- Abbreviation: Pot. Op.
- Leader: Sergio Bologna Toni Negri Lanfranco Pace Oreste Scalzone Mario Dalmaviva
- Secretary: Franco Piperno
- Founded: 1967
- Dissolved: 3 June 1973
- Merged into: Autonomia Operaia
- Newspaper: Potere Operaio
- Ideology: Operaismo Libertarian Marxism
- Political position: Far-left

= Potere Operaio =

Radical left-wing Italian political group

Potere Operaio (Italian for "Workers' Power") was a radical left-wing Italian political group, active between 1967 and 1973.

==History==
Among the group's leaders were Antonio Negri, Nanni Balestrini, Franco Piperno, Oreste Scalzone and Valerio Morucci, who led its clandestine armed wing. It was part of the "workerist" movement (operaismo), leading to the later development of the autonomist movement.

Potere Operaio's main sphere of operations was in factories, especially big factories in the industrial North, and publishing newspapers and leaflets. It sought to base its Marxist theory on the everyday life of supposedly revolutionary factory workers.
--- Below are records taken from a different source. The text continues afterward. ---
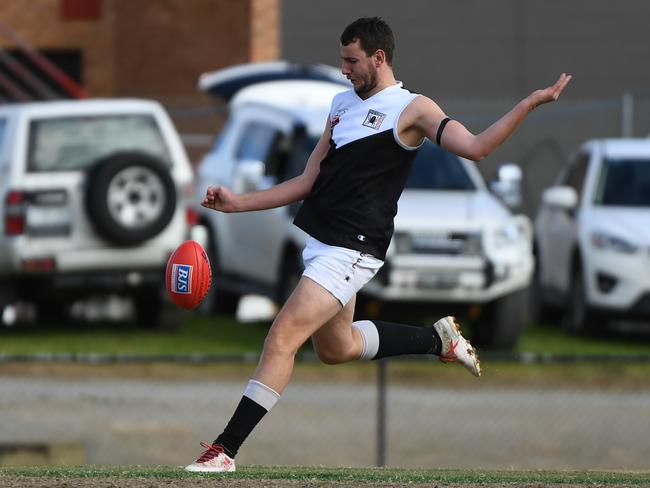 Ben Power gets a kick away for Ringwood. Picture: James Ross/AAP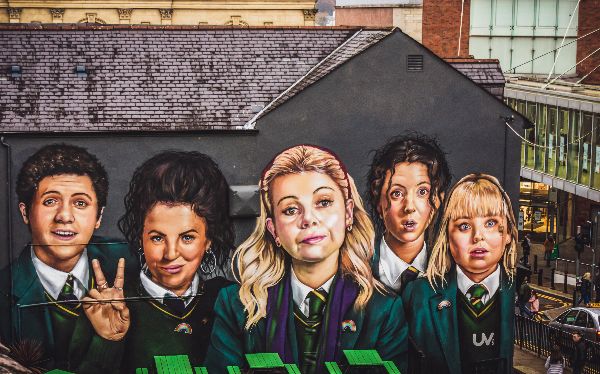 Mural of the Derry Girls (L-R: James, Michelle, Erin, Orla and Clare) in the city centre shopping district near the Derry City Walls. Photo by <a href="https://unsplash.com/@kmitchhodge?utm_source=unsplash&utm_medium=referral&utm_content=creditCopyText">K. Mitch Hodge</a> 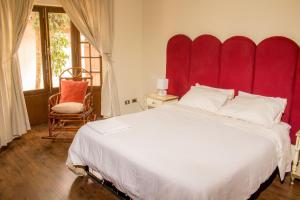 uma cama grande com uma cabeceira vermelha num quarto em Golden House guesthouse em Cochabamba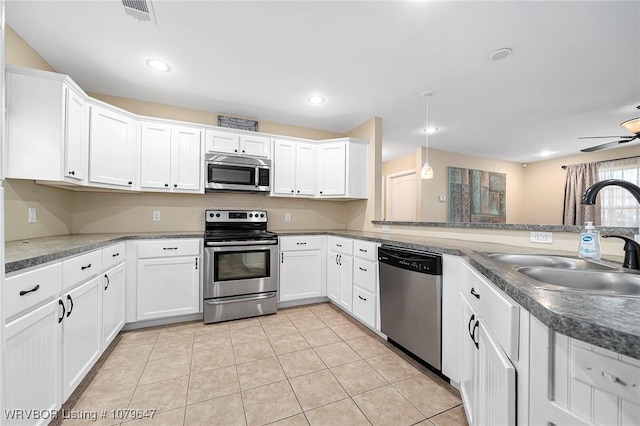 kitchen featuring white cabinets, visible vents, appliances with stainless steel finishes, and a sink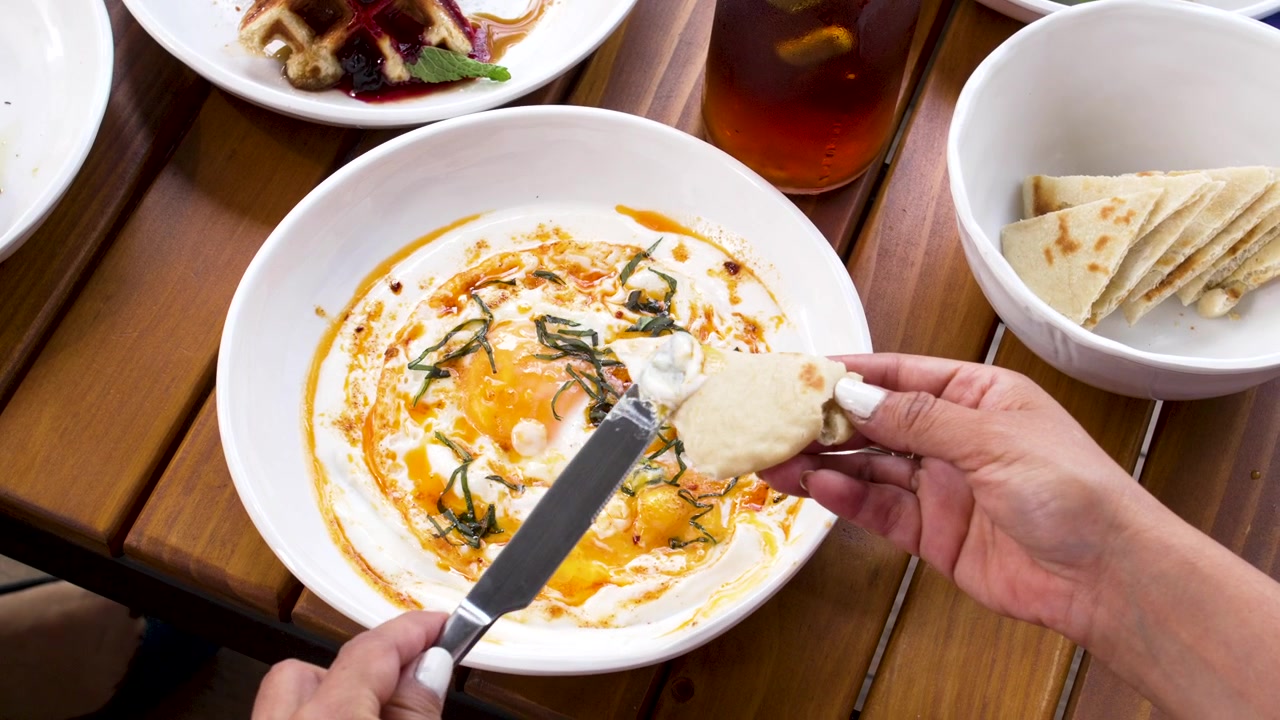 Persona che mangia uova turche Cilbir con pane pita e coltello, uovo in camicia in salsa di yogurt al burro speziato gustato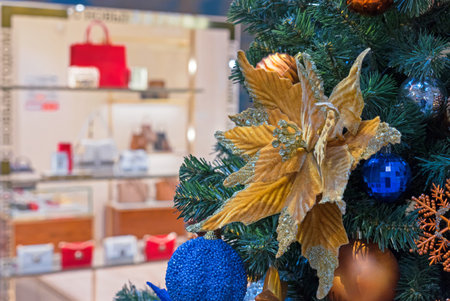 Christmas velvet flower on Christmas tree. Velvet poinsettia with glitter. New Year concept.の写真素材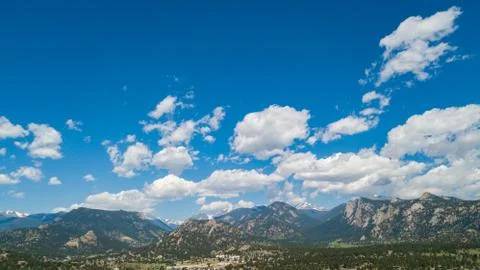 White Fluffy Clouds in Mountain Range of Colorado Stock Photos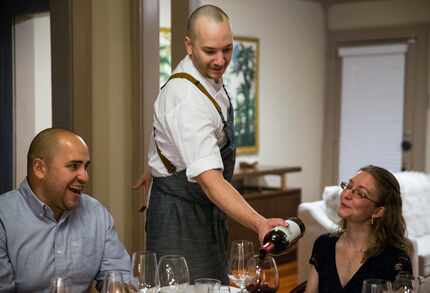 Chef Casey La Rue pours wine for guests Eric Carlos and Ann Davis at a pop-up dinner in Dallas.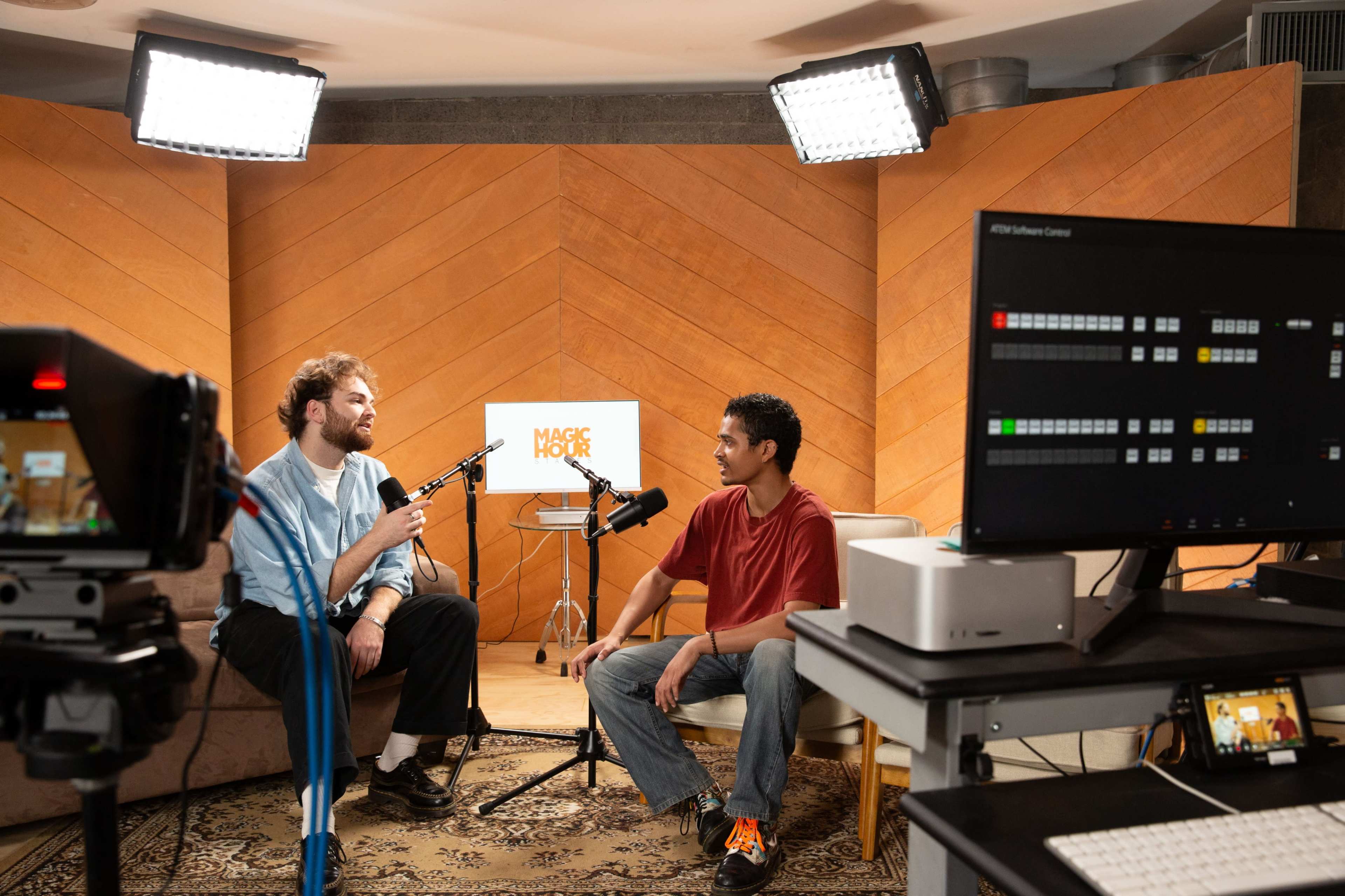 Two men sit in a well-lit studio, speaking into microphones while cameras and monitors capture the conversation.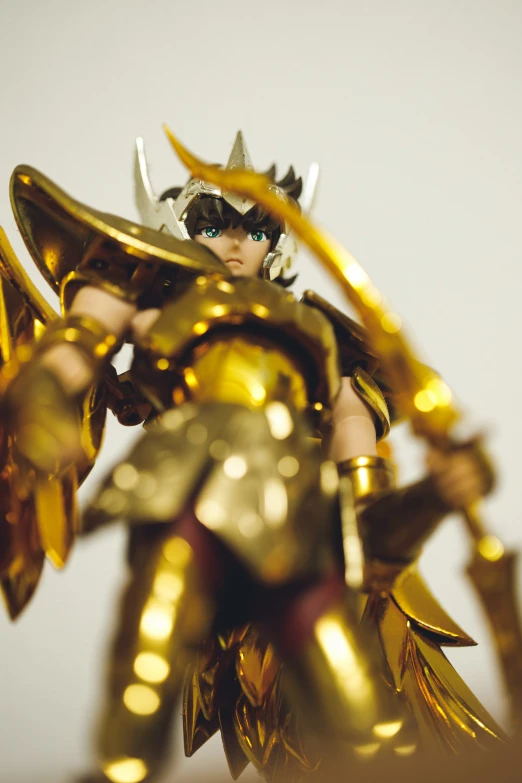 a small action figure with a gold armor holding a golden gun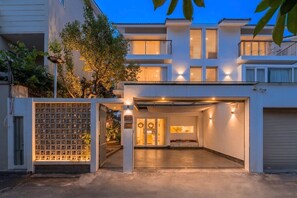 Uma casa moderna de dois andares, com garagem coberta e acesso coberto.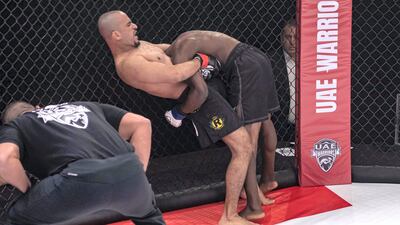 Emirati Ahmed Al Darmaki has Ugandan Kagimu Kigga in a standing guillotine choke position. Courtesy UAE Warriors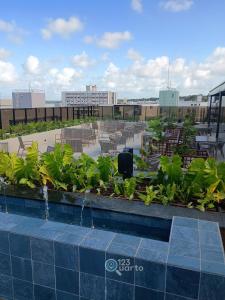een dakterras met tafels en stoelen bij Hit Cabo Branco by 123Quarto in Tambaú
Potere Operaio officially ceased to exist on 3 June 1973. Most of its core members went on to be involved in Autonomia Operaia, signalling the shift from operaismo to autonomism. Some of the leaders later drifted towards more radical groups such as the Red Brigades, including Morucci and Adriana Faranda, who took part in the Moro murder. Negri was arrested in the late 1970s, accused of being the leader of the Red Brigades, before being cleared of charges. Oreste Scalzone also was arrested, in connection with violent acts.

Ex-member Achille Lollo died in August 2021. He had been sentenced for murder and arson for his role in the Primavalle fire, along with two other members of the group.

Potere Operaio should not be confused with "Potere Operaio Pisano" which was one of the components of a competing revolutionary group, Lotta Continua.

== See also ==
- Autonomia Operaia
- Autonomism
- Operaismo
- Pouvoir Ouvrier
- Prima Linea
- Years of Lead (Italy)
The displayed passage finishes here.